(THE DATA):
______________________________

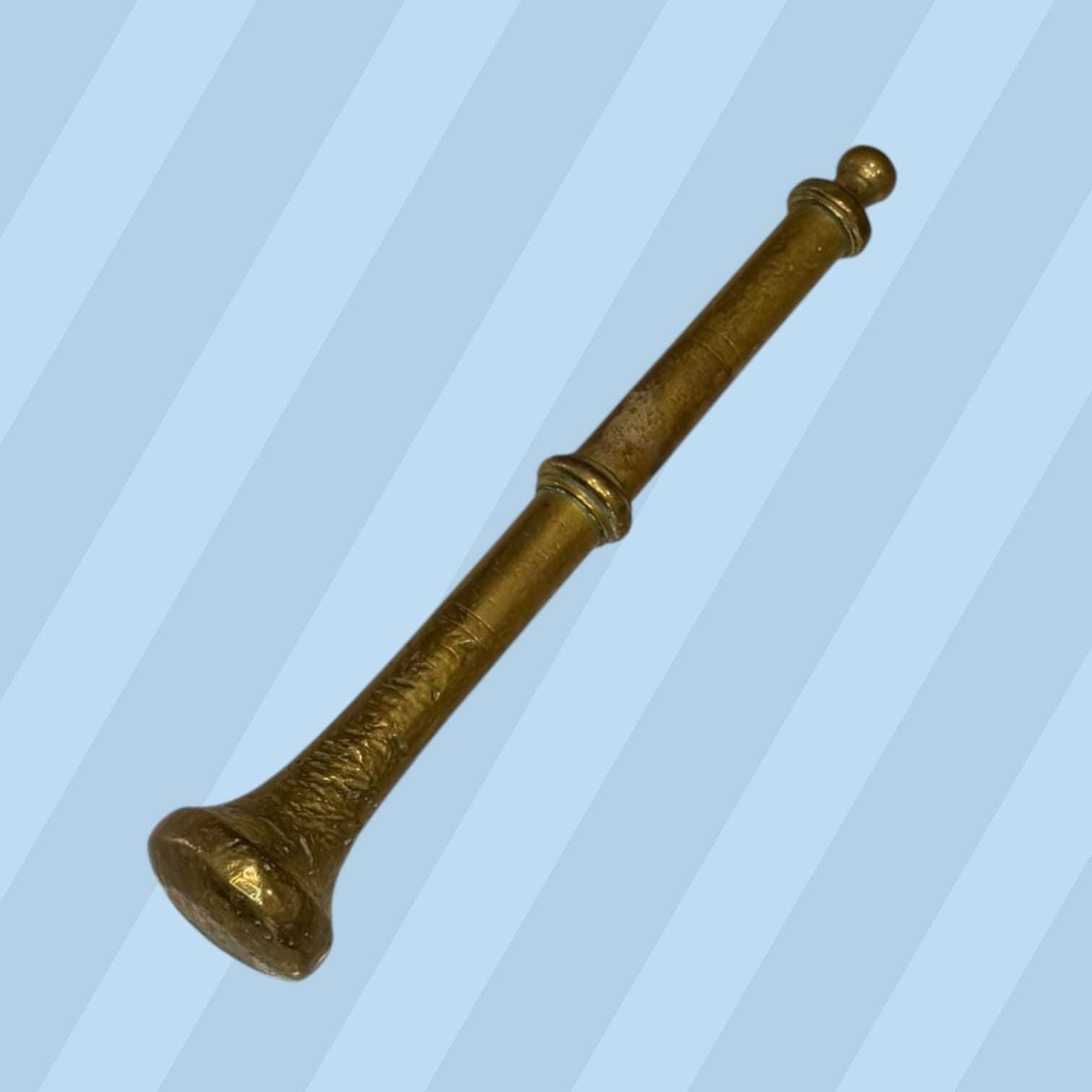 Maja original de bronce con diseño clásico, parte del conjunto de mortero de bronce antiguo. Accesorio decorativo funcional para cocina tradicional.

______________________________

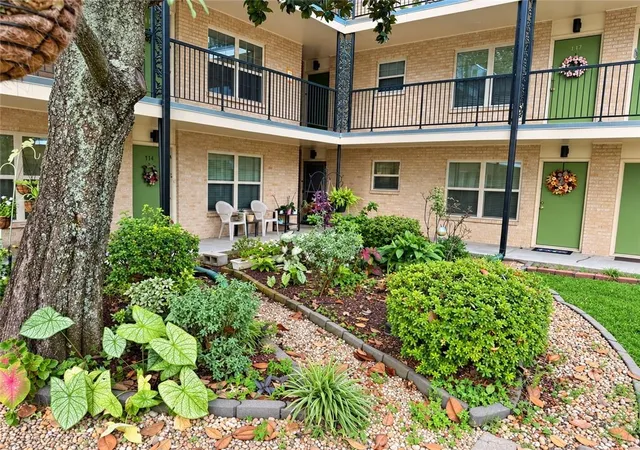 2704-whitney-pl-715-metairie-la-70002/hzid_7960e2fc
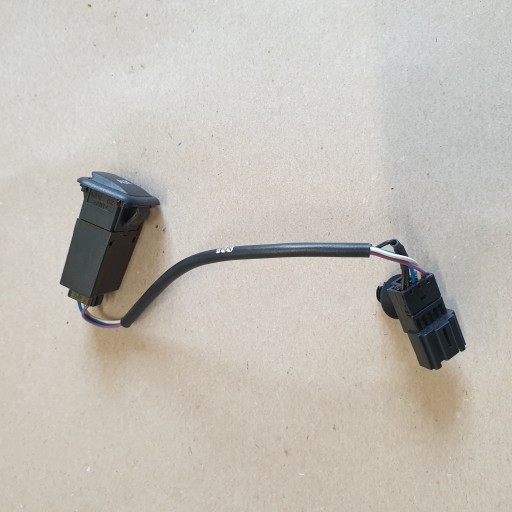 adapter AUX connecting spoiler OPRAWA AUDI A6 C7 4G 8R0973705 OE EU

______________________________

(WORK ITEM): Here the job is to copy the stretch of records from the line containing "2704-whitney-pl-715-metairie-la-70002/hzid_7960e2fc" through the line containing "adapter AUX connecting", word for word. Leave every picture out.

(WORKED SOLUTION):
 2704-whitney-pl-715-metairie-la-70002/hzid_7960e2fc
 adapter AUX connecting spoiler OPRAWA AUDI A6 C7 4G 8R0973705 OE EU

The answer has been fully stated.